Kedua, posisi terletak di atas pemukiman (Labuan Bajo dan sekitarnya), kelestarian ekosistem hutan Bowosie jadi sangat penting sebagai pelindung pemukiman dari potensi bencana banjir. Bencana banjir bandang yang baru terjadi di NTT, menunjukkan, sebagian daerah yang menjadi episentrum bencana, tata kelola lingkungan terbukti buruk. Di Sumba, misal, banjir di daerah tertentu terpicu perusakan kawasan hutan sekitar dari aktivitas-aktivitas perusahaan.
Untuk konteks Labuan Bajo, pengalaman banjir pada 2019 memberi pelajaran tersendiri bagi publik. Kala itu, beberapa wilayah di sekitar Kota Labuan Bajo, terutama di Desa Gorontalo, terendam banjir. Pembabatan hutan Bowosie akan makin mempersempit wilayah resapan hujan.
Sekarang ini, pembangunan infrastruktur pariwisata seperti hotel dan resort makin mempersempit area resapan hujan di sekitar hutan lindung Mbeliling.
Ketiga, hutan Bowosie juga tercatat sebagai habitat alami dari sejumlah burung endemik Flores.

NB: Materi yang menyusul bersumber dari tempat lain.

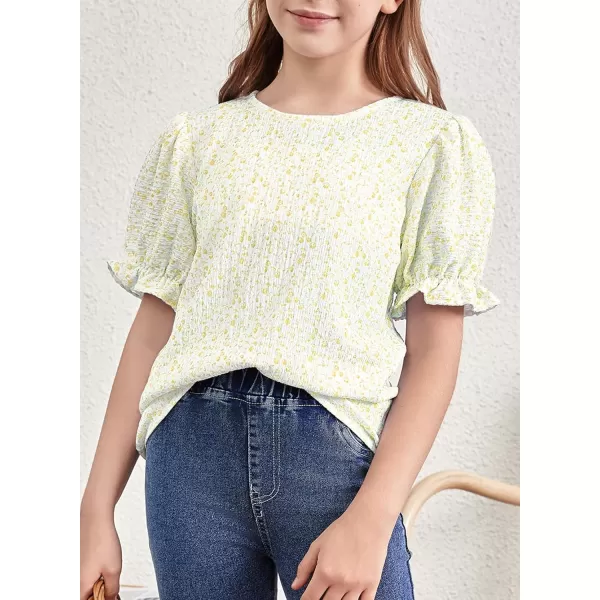 blibean Tween Girls 2024 Boho Floral Puff Sleeve Shirt Size 6-15 Years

Didominasi hutan lembab, hutan Bowosie merupakan habitat bagi kehicap Flores (Monarcha sacerdotum), gagak Flores (Corfus florensis) dan serindit Flores (Loriculus flosculus).
Atas dasar itu, demi keberlanjutan ekologi Pulau Flores, BPO-LBF harus mengevaluasi rencana pembangunan bisnis wisata di hutan Bowosie, dengan melibatkan sebanyak mungkin elemen. Ini salah satu cara agar pembangunan pariwisata berkelanjutan seperti cita-cita tertinggi dari BPO-LBF dapat terealisasi di bumi Flores.
***
Tulisan ini pernah dipublikasikan di Mongabay.co.id. Kembali dimuat di sini untuk tujuan pendidikan.